◆ Extracted information:
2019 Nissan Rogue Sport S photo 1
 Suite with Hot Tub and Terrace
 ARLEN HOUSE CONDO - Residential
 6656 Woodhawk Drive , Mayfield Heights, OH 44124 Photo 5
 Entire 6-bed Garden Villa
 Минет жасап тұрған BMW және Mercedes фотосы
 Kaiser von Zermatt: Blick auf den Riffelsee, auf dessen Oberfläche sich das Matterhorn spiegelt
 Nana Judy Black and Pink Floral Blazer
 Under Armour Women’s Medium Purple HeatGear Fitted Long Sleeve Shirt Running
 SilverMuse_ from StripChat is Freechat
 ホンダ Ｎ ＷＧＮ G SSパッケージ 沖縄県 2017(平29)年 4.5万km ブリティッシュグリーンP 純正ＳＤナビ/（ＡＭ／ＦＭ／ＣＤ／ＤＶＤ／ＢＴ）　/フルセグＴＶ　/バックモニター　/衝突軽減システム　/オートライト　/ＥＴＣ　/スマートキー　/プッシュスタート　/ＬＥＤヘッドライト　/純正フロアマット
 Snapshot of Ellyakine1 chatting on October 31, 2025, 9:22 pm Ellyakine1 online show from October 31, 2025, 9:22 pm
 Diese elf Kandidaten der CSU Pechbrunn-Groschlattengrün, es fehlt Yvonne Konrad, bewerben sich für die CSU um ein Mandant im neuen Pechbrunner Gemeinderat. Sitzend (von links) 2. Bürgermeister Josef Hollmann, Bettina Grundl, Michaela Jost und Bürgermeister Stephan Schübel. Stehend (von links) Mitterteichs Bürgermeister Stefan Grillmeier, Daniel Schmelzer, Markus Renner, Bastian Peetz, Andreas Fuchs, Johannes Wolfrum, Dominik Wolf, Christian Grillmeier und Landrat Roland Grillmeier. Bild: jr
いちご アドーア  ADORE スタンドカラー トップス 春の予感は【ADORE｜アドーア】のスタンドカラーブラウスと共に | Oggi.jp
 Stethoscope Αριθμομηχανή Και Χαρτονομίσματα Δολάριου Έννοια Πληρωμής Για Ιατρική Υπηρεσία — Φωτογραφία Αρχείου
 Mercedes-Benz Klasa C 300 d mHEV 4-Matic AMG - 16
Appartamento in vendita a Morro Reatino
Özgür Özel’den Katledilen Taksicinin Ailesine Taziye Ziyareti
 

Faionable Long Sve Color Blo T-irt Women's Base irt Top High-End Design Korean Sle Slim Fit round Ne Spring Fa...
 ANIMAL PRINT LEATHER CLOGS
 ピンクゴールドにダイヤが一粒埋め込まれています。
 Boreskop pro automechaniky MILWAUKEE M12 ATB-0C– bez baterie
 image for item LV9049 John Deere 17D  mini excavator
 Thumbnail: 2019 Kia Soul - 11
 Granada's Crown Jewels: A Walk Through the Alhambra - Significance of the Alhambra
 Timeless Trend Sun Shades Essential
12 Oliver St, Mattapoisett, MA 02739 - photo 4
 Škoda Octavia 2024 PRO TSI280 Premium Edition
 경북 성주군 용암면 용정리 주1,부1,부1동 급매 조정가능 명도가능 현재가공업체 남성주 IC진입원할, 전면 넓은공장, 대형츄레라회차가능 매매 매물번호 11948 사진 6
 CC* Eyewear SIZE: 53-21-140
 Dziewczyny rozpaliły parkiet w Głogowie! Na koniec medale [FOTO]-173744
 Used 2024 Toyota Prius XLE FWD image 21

◆ Problem to work on:
Lines from the first one above through the line containing "Nana Judy Black and Pink Floral Blazer" are to be retyped exactly, both included, and nothing more.

◆ Completed exercise:
2019 Nissan Rogue Sport S photo 1
 Suite with Hot Tub and Terrace
 ARLEN HOUSE CONDO - Residential
 6656 Woodhawk Drive , Mayfield Heights, OH 44124 Photo 5
 Entire 6-bed Garden Villa
 Минет жасап тұрған BMW және Mercedes фотосы
 Kaiser von Zermatt: Blick auf den Riffelsee, auf dessen Oberfläche sich das Matterhorn spiegelt
 Nana Judy Black and Pink Floral Blazer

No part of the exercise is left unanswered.